Would it prevent certain gotchas made by people using chained expressions on temporaries or various lazy-evaluation methods for expressions? Yes. But it would also be require special-case compiler code, as well as be confusing as to why it doesn't work with other expression constructs.
A much more reasonable solution would be some way to inform the compiler that the return value of a function is always a reference to this
, and therefore if the return value is bound to a temporary-extending construct, then it would extend the correct temporary. That's a language-level solution though.
Presently (if the compiler supports it), you can make it so that normalize
cannot be called on a temporary:
struct Vector {
double x, y, z;
// ...
Vector &normalize() & {
double s = 1./sqrt(x*x+y*y+z*z);
x *= s; y *= s; z *= s;
return *this;
}
Vector &normalize() && = delete;
};
This will cause Vector{1., 2., 3.}.normalize()
to give a compile error, while v.normalize()
will work fine.

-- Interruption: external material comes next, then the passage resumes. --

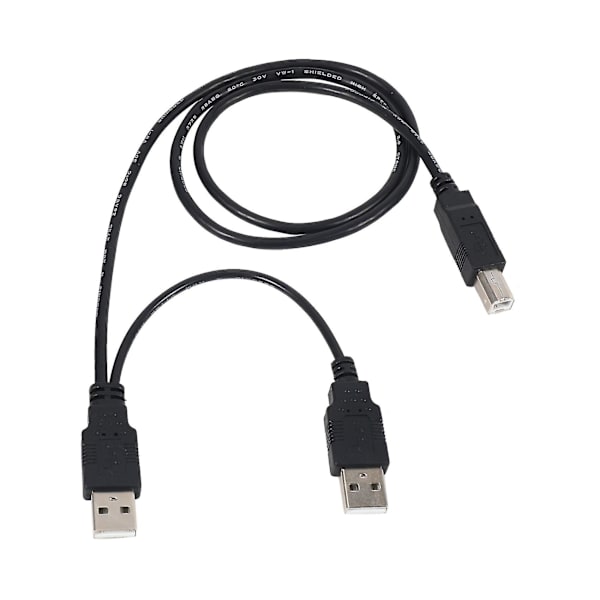 Kaksi USB 2.0 -urosliitäntää tavalliseen B-urosliitäntään Y-kaapeli 80 cm tulostimelle, skannerille ja ulkoiselle kiintolevylle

Obviously you won't be able to do correct things like this:
Vector t = Vector{1., 2., 3.}.normalize();
But you also won't be able to do incorrect things.
Alternatively, as suggested in the comments, you can make the rvalue reference version return a value rather than a reference:
struct Vector {
double x, y, z;
// ...
Vector &normalize() & {
double s = 1./sqrt(x*x+y*y+z*z);
x *= s; y *= s; z *= s;
return *this;
}
Vector normalize() && {
Vector ret = *this;
ret.normalize();
return ret;
}
};
If Vector
was a type with actual resources to move, you could use Vector ret = std::move(*this);
instead. Named return value optimization makes this reasonably optimal in terms of performance.

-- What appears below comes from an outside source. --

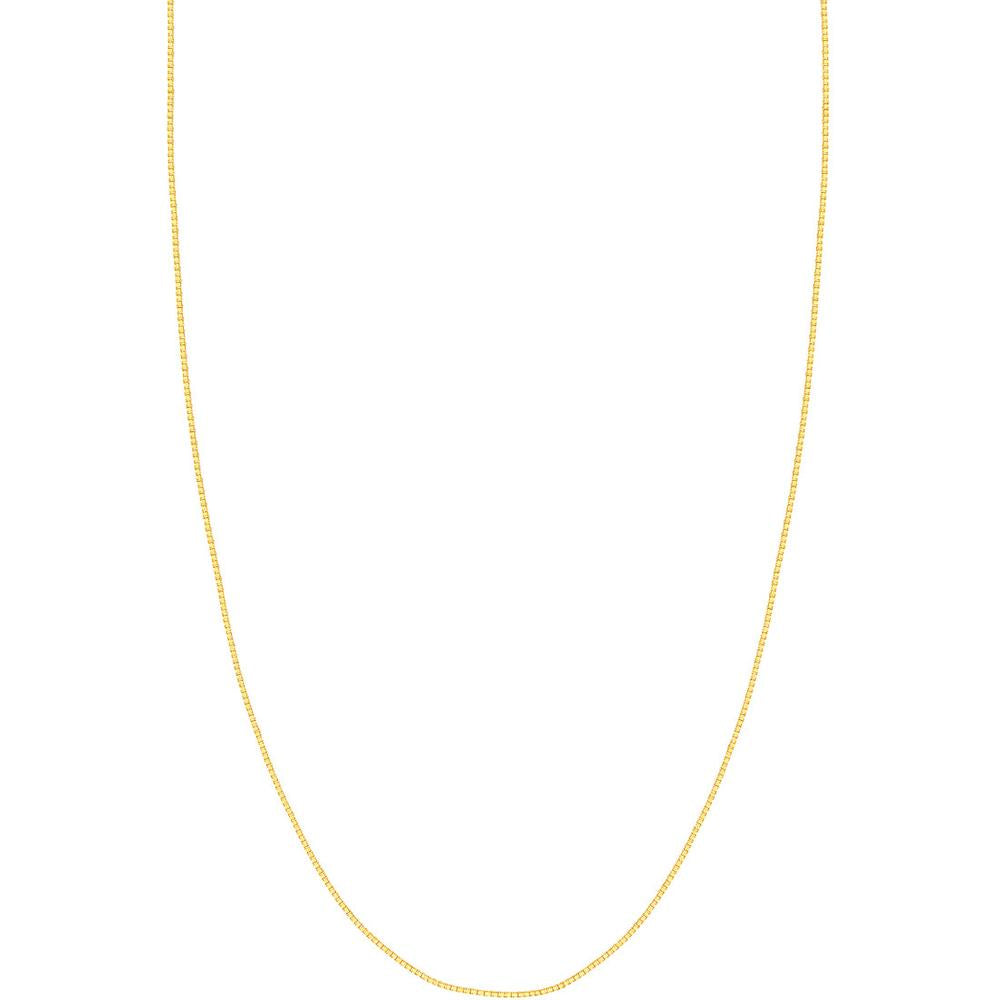 Olas d'Oro - 18K Yellow Gold 24" Box Chain Necklace with Lobster Clasp - 0.96mm Width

for (double x : Vector{1., 2., 3.}.normalize()) { ... }
That is not a limitation of the language, but a problem with your code. The expression Vector{1., 2., 3.}
creates a temporary, but the normalize
function returns an lvalue-reference. Because the expression is an lvalue, the compiler assumes that the object will be alive, but because it is a reference to a temporary, the object dies after the full expression is evaluated, so you are left with a dangling reference.
Now, if you change your design to return a new object by value rather than a reference to the current object, then there would be no issue and the code would work as expected.
IMHO, the second example is already flawed. That the modifying operators return *this
is convenient in the way you mentioned: it allows chaining of modifiers. It can be used for simply handing on the result of the modification, but doing this is error-prone because it can easily be overlooked. If I see something like
Vector v{1., 2., 3.};
auto foo = somefunction1(v, 17);
auto bar = somefunction2(true, v, 2, foo);
auto baz = somefunction3(bar.quun(v), 93.2, v.qwarv(foo));
I wouldn't automatically suspect that the functions modify v
as a side-effect. Of course, they could, but it would be confusing. So if I was to write something like this, I would make sure that v
stays constant. For your example, I would add free functions
auto normalized(Vector v) -> Vector {return v.normalize();}
auto negated(Vector v) -> Vector {return v.negate();}
and then write the loops
for( double x : negated(normalized(v)) ) { ... }
and
for( double x : normalized(Vector{1., 2., 3}) ) { ... }
That is IMO better readable, and it's safer. Of course, it requires an extra copy, however for heap-allocated data this could likely be done in a cheap C++11 move operation.